Haplogroups distribution

The frequency distribution of Y chromosome haplogroups among the study populations along with the phylogenetic relationship between them is presented in Figure 2. The side branches on the tree represent Y SNP for which the ancestral state was observed, while the direct branch represents Y markers for which the mutant allelic state was observed; leading to haplogroup designation in the particular sample. Analysis of 48 bi-allelic markers of the Y chromosome showed 13 paternal lineages that were distributed throughout haplogroups H, R, J, C, F, L, K and Q. Haplogroup H represented the most frequently occurring haplogroup (40.14%) followed by groups R (28.17%), J (10.21%) and C (8.45%) respectively. Sparse distribution was observed for the lineages F*, L1, Q3 and K* across all the populations.

Figure 2

Distribution of Y-binary halpogroups and haplogroup diversity (h) among the study populations of Gujarat.

The markers used in the study are shown on each branch.

Distribution of Y-binary halpogroups and haplogroup diversity (h) among the study populations of Gujarat.

The markers used in the study are shown on each branch.

Haplogroup H

M69 mutation, which is a characteristic of haplogroup H was found on 114 of the total 284 Y chromosomes.
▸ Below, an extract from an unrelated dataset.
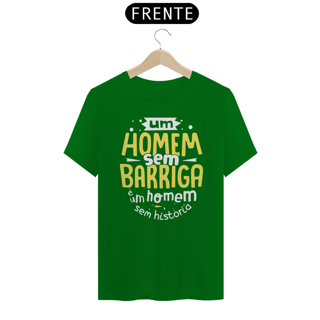 Nome do produto HOMEM SEM BARRIGA - Camiseta Personalizada com Estampa Divertida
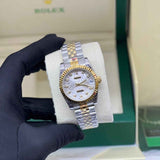 Rolex Datejust 28 Silver Watch premium replica - image 4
Haplogroup H was further segregated into three lineages, H1 by the presence of M52-C allele, H2 by the presence of Apt-A allele and H* by absence of the two alleles. These haplogroups were further subdivided into a number of sub-clades. Lineage H1a* of H1 group was observed 71 times and represented the most frequently occurring lineage across all the populations. Its frequency varied from a minimum of 3.45% among Pavagadhi Chaudhari to a maximum of 62.5% in Vasava. Lineage H2 represented the second most frequently occurring lineage among the H haplogroup and third most common haplogroup among all the haplogroups. Its frequency varied from 3.45% among Pavagadhi Chaudhari to 40.74% among Mota Chaudhari. However, H2-Apt was found to be absent among Vasava and Gamit populations. While lineage H* was observed in only three individuals, one each from Konkana, Gamit and Mota Chaudhari.

Haplogroup R

R1a1*a sub-clade of R haplogroup was found to be the next most frequently occurring lineage after H1a*. Its frequency was found ranging from 5.56% in Gamit to 62.07% in Pavagadhi Chaudhari. Its sister sub-clade R2-M124 was observed 27 times with a frequency varying from 5.56% among Gamit to 20.83% among the Konkana tribe. Barring Valvi Chaudhari, R2 was absent from all other Chaudhari groups.

Haplogroup J

J2 with its two sub-clades J2b2* and J2a constituted a major portion of Haplogroup J in the current study. Except Konkana and Mota Chaudhari, either of the two J2 sub-clades was present in all other groups. J2b2* sub-clade was observed in 21 Y chromosomes. Its frequency was found to be 11% in Gamit, 19% in Valvi Chaudhari and 21% in Pavagadhi Chaudhari. The remaining four populations of Dhodia, Dubla, Vasava and Nana Chaudhari exhibited similar frequency values varying in a narrow range between 4% and 4.48%. Sub-clade J2a was observed only 8 times in the nine groups. It was present in four of the groups with a minimum frequency of 3.17% in Dhodia to a maximum frequency of 7.14% in Dubla.

Haplogroup C

Out of the seven sub-clades of C haplogroup, only one sub-clade C5 with its two main derivatives C5a and C5* was observed 21 times in all the populations except Pavagadhi Chaudhari. C5a lineage was observed to be 62 times more frequent then its sister branch C5*. Its frequency varied from 3.17% in Dhodia to 12.5% in Valvi Chaudhari, while that of C5* was found to vary from 3.7% in Mota Chaudhari to 9.38% in Valvi Chaudhari.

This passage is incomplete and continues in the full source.